I have ranted on this many times before. Though a taller person often gets by with lower bars relative to the seat due to longer arms, I don't necessarily want my geometry on my All Mountain ride to be the same as my road or time trial bike. I too don't want 2" of steerer and 30mm ride bars. santa cruz, giant, salsa etc. all have micro stacks. I would LOVE to have a SC Hightower but the stack is a full inch lower than my Camber XL Carbon. 


I ended up with a specialized camber which has great stack and reach.


----------



## keen (Jan 13, 2004)

Years ago XL frames had HT lengths close to 150mm... As of late I am lucky to find a 29er w/ a HT over 120mm. My current frame has me running 3" riser bars and a 25* stem. Onlookers like to tell me my bars are too high until I hop on my bike then my whole bike looks too small - circus bear syndrome.


----------



## Crockpot2001 (Nov 2, 2004)

keen said:


> Years ago XL frames had HT lengths close to 150mm... As of late I am lucky to find a 29er w/ a HT over 120mm. My current frame has me running 3" riser bars and a 25* stem. Onlookers like to tell me my bars are too high until I hop on my bike then my whole bike looks too small - circus bear syndrome.


 The smaller wheels and shorter travel had a lot to do with the old HT lengths


----------



## Hairnet (Jul 23, 2013)

6'5" I just bought a second hand RS Reba from a 6'4" man and had to remove all spacers and the tall dust cap from the headset to get full purchase between the steer tube and stem. But I am still flexible and it isn't so much of a problem, just makes the bike feel more of a XC racer.


----------



## Kaj (May 8, 2008)

I like run my bikes at "even" saddle to bar height. I've been doing this since the early 90's. 

My saddle height is 83.5 cm. That's a normal height for anyone over 6'4", but high for me being only 6'1" as I'm leggy.

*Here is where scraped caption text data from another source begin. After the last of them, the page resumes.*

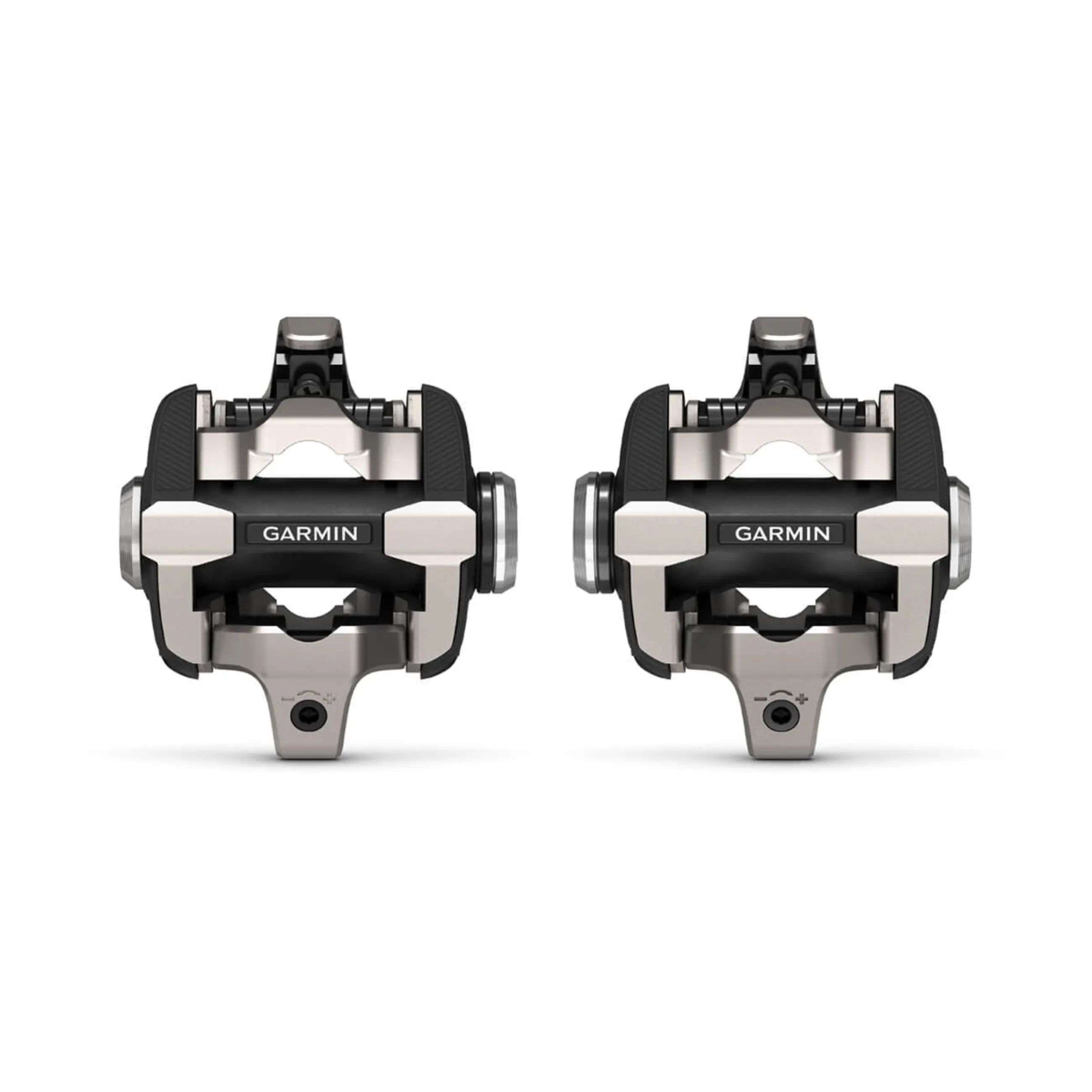 Garmin Rally Xc Conversion Kit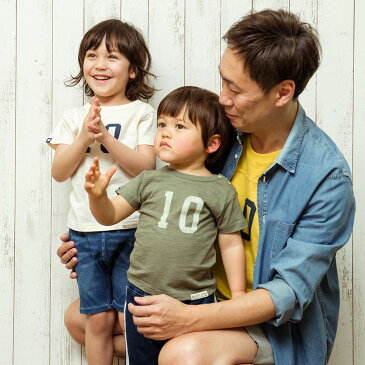 【SALE★20%OFF】ブランド noa department store. FOOTBALL Tシャツ(S/160cm M/165cm L/175cm)【1点のみメール便可】【F_1】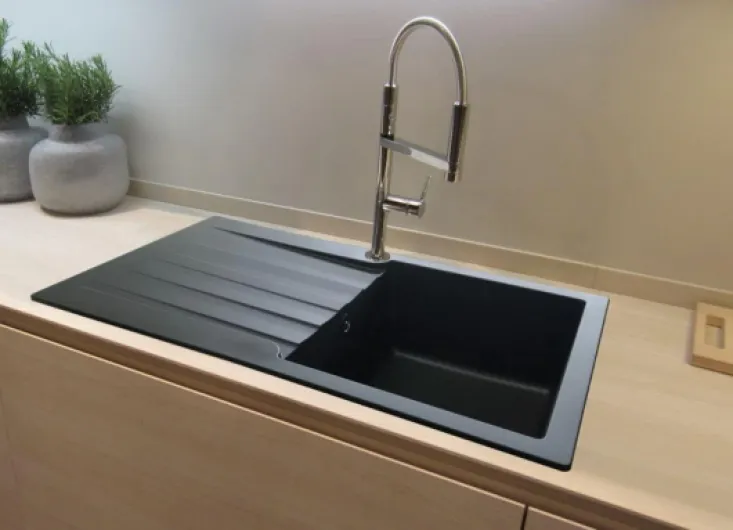 51zHyFSretL._AC_SL1247_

The key I find is to run 4cm of spacers under the stem and a 40mm rise on the hbar (I like SMAC bars). This usually gets me close. I haven't had to run a rise stem at yet. I'm running 29ers with 110mm Headtubes, and 27.5"ers with 135mm Headtubes.


----------



## Ryder1 (Oct 12, 2006)

I've actually been lowering my front stack over the last couple months, while also sliding the saddle forward. I think current trail geometry rewards a rider-forward position: the longer front center invites the rider to move forward without fear of endoing, and remain centered in the bike. And that forward movement is actually a rotation (forward and downward).


----------